Au fil du temps le troupeau s’étoffera pour passer de 40 à 90 chèvres, sur une surface de 25 ha dont seulement 5 sont labourables, le reste étant constitué de prairies naturelles et de parcours arbustifs en pente, adorés des chèvres mais interdits de tracteur…
Le travail des parcelles dans ces conditions reste donc peu mécanisé, économe en énergie fossile : à part la récolte de foin et une culture d’orge pour les chèvres, l’essentiel des tâches extérieures se fait manuellement avec une mention « musculation assurée » à l’entretien des clôtures.
20 ha de bois de feuillus complètent la surface disponible aux chèvres, gardées sur cet espace non clôturé.
Une bonne installation de traite apporte un repos relatif et permet une attention particulière aux animaux. Le travail de fromagerie demande une grande rigueur : oui aux normes officielles, sans dérives hygiénistes, observation et intuition pour développer des flores lactiques et d’affinage autochtones et stables, à l’origine de la saveur du fromage.
Notre qualité de vie passe aussi par un aménagement des conditions de travail : nous avons pu pérenniser un emploi en embauchant une jeune salariée sur 4 /5 de temps, ce qui nous permet de prendre quelques vacances. Un jeune apprenti en formation BTS agricole vient compléter l’équipe, ainsi nous partageons savoirs et bonne humeur !

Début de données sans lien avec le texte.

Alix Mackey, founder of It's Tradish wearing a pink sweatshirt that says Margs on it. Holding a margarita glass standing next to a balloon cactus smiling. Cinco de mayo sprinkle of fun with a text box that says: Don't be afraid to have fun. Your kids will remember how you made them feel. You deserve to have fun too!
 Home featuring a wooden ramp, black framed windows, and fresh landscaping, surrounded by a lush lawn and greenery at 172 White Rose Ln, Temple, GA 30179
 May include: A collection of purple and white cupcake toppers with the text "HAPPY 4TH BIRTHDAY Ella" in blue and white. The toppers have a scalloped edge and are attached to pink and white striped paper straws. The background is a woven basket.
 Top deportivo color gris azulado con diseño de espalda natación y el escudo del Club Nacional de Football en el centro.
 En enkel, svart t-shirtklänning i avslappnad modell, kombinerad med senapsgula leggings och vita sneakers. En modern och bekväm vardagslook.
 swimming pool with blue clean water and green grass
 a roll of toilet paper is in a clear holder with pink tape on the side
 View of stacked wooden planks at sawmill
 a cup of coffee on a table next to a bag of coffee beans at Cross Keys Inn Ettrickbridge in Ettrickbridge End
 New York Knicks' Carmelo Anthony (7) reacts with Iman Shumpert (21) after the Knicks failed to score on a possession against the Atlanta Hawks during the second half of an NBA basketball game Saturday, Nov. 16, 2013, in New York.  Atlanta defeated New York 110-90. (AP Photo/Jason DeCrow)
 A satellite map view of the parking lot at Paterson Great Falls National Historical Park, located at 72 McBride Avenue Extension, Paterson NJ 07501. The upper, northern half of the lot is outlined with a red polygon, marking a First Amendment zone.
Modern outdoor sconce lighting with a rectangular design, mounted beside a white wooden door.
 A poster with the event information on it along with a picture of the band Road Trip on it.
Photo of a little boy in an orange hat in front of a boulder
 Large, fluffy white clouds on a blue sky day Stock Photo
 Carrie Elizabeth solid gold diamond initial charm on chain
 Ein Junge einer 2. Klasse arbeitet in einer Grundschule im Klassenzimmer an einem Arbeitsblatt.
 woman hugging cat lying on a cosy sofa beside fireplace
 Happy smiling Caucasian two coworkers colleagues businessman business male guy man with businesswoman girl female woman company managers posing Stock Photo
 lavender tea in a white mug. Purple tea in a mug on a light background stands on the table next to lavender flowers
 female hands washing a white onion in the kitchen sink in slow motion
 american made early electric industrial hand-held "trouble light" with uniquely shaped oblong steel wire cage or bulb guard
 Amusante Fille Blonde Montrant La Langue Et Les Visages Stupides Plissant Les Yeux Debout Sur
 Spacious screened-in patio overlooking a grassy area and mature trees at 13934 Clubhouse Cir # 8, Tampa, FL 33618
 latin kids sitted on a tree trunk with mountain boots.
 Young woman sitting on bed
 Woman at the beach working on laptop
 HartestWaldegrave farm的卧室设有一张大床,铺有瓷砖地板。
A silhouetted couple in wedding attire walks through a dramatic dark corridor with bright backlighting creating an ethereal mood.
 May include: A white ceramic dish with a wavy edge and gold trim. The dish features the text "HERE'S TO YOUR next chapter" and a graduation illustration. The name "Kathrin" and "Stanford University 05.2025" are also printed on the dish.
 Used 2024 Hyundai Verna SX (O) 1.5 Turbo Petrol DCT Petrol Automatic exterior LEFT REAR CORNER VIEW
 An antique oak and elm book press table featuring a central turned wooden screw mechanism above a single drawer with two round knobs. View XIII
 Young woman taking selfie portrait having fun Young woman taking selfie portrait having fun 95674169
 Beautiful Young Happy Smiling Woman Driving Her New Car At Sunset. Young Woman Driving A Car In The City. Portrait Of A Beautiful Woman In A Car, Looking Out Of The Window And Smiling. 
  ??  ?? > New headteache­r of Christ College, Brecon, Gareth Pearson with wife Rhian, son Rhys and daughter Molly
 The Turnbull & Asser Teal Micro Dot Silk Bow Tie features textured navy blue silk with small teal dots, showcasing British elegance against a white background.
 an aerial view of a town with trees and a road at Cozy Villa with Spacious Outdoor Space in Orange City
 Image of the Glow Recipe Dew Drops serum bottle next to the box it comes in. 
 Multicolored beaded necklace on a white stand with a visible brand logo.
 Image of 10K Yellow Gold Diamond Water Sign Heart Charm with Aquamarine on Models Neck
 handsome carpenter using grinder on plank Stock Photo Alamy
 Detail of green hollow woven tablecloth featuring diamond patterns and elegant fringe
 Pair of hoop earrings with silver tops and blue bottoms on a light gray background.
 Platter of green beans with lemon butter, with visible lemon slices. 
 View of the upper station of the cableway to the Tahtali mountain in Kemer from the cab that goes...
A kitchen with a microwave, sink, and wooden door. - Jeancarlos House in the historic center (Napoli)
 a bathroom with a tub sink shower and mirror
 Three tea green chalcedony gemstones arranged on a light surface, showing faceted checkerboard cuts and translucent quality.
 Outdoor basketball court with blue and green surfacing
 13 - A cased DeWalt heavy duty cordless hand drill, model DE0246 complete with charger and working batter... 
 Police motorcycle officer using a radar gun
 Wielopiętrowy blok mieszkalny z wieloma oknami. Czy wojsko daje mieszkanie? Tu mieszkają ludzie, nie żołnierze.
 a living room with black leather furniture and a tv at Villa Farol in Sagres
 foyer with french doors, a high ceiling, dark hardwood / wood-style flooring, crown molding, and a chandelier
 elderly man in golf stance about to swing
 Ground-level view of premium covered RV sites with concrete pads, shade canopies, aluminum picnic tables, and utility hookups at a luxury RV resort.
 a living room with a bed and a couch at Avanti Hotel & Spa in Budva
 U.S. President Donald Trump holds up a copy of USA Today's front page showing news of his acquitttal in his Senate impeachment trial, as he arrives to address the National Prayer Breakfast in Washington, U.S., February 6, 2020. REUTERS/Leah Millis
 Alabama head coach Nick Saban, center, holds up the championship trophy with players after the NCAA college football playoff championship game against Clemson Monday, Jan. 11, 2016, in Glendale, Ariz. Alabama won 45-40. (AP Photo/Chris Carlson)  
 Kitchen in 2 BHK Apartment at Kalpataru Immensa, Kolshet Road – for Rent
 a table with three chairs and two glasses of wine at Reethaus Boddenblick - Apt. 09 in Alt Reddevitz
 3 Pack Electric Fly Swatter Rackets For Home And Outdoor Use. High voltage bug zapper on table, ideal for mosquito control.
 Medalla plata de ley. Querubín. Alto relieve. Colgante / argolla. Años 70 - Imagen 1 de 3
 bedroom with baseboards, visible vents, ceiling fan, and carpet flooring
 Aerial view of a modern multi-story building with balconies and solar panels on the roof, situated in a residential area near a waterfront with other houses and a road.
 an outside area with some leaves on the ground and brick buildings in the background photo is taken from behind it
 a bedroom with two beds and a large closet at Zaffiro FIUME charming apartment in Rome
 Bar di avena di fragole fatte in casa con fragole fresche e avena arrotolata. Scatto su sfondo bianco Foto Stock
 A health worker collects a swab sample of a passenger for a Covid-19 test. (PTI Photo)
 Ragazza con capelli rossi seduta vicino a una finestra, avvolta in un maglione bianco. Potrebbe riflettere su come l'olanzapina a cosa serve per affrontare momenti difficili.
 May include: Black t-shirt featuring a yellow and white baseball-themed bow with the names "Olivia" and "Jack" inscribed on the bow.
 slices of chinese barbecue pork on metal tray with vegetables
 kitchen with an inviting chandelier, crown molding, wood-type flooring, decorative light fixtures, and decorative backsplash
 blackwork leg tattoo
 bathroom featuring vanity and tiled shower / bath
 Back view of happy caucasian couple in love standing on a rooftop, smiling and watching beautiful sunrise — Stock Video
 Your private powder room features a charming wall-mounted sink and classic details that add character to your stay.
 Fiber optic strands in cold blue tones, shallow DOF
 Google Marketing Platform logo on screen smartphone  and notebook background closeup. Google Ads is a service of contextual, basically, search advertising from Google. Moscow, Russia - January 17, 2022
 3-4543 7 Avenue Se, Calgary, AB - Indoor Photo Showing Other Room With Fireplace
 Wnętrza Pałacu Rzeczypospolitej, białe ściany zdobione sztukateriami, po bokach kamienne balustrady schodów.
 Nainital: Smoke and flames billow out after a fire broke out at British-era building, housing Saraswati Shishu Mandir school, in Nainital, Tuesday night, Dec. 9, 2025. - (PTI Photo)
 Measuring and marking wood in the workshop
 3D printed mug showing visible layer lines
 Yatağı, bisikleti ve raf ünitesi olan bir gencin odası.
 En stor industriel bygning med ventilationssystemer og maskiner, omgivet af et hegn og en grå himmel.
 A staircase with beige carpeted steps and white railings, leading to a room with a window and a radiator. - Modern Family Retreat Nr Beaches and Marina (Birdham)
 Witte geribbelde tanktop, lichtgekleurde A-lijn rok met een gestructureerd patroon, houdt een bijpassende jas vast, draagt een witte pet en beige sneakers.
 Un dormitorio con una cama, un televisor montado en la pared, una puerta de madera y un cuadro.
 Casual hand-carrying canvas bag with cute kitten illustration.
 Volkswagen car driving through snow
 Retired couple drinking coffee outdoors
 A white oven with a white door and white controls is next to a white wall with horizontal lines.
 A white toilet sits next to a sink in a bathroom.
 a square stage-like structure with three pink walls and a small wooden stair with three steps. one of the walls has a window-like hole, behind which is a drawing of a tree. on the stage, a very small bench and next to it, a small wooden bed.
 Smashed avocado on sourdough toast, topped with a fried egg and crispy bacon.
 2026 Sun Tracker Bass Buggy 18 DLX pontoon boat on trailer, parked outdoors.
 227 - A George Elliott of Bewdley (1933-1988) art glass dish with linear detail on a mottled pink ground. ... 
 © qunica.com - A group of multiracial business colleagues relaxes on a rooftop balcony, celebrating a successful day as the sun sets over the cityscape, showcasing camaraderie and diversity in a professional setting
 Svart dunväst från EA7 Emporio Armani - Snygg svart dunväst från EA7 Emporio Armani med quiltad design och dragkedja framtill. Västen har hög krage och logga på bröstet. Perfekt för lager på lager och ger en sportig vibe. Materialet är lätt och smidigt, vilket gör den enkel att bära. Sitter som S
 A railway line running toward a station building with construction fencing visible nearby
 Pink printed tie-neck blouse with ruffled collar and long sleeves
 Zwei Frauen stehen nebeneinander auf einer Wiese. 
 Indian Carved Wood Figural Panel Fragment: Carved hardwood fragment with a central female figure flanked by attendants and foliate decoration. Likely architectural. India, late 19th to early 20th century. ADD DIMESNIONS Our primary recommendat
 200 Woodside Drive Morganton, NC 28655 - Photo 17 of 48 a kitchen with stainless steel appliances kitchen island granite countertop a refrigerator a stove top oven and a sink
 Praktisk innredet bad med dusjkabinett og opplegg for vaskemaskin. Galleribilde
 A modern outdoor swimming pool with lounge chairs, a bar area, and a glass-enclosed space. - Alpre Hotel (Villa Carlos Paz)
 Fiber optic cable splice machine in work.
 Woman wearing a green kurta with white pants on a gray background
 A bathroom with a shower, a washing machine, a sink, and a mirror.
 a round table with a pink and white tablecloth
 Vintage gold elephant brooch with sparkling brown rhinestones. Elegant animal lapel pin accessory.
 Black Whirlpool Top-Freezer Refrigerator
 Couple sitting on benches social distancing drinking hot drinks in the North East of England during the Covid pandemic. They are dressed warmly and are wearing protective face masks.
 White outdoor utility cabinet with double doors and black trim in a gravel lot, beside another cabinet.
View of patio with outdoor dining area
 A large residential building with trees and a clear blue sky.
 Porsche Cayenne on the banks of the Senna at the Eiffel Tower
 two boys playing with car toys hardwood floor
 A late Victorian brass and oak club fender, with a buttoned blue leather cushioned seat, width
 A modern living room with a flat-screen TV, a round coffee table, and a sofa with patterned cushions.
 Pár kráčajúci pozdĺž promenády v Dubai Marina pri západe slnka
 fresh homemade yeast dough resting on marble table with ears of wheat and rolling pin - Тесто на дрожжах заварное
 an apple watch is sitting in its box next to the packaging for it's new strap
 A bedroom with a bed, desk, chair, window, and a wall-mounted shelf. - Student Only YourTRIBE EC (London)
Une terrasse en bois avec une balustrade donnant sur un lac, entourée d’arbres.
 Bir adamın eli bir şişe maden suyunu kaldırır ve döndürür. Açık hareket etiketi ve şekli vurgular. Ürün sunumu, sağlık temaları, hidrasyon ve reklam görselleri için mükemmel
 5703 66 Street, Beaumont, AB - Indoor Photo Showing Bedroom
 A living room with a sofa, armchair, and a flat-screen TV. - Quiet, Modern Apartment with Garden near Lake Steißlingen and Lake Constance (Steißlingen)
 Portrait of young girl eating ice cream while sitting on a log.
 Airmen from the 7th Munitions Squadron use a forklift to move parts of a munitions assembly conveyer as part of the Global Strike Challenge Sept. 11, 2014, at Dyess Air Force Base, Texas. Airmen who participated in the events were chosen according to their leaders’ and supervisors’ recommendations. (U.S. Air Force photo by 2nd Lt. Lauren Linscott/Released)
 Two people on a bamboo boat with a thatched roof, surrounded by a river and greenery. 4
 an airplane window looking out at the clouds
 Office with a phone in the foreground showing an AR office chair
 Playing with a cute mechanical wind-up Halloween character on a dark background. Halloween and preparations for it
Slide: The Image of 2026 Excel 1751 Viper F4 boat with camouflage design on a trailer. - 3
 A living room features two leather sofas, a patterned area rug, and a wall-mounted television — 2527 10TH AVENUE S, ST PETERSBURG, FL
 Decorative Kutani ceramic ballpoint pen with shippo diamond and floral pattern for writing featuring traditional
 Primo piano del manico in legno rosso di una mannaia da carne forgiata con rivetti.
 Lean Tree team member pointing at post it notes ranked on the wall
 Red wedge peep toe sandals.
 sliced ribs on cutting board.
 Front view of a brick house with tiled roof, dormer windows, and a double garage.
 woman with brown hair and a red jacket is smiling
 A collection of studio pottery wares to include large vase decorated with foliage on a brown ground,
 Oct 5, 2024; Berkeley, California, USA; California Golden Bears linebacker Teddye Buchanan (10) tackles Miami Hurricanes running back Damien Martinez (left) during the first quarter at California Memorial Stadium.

Une modeste expérience d’accueil vient s’ajouter à notre activité : nous recevons quelques ½ journées par an des jeunes de sessad, organisme porteur de projets de réinsertion, en compagnie d’un animateur, sur un objectif pédagogique annuel.
Le travail concret sur une ferme semble donner à ces jeunes un enracinement bien utile à leur équilibre .Le partenariat agriculteurs/travailleurs sociaux est peut être à développer.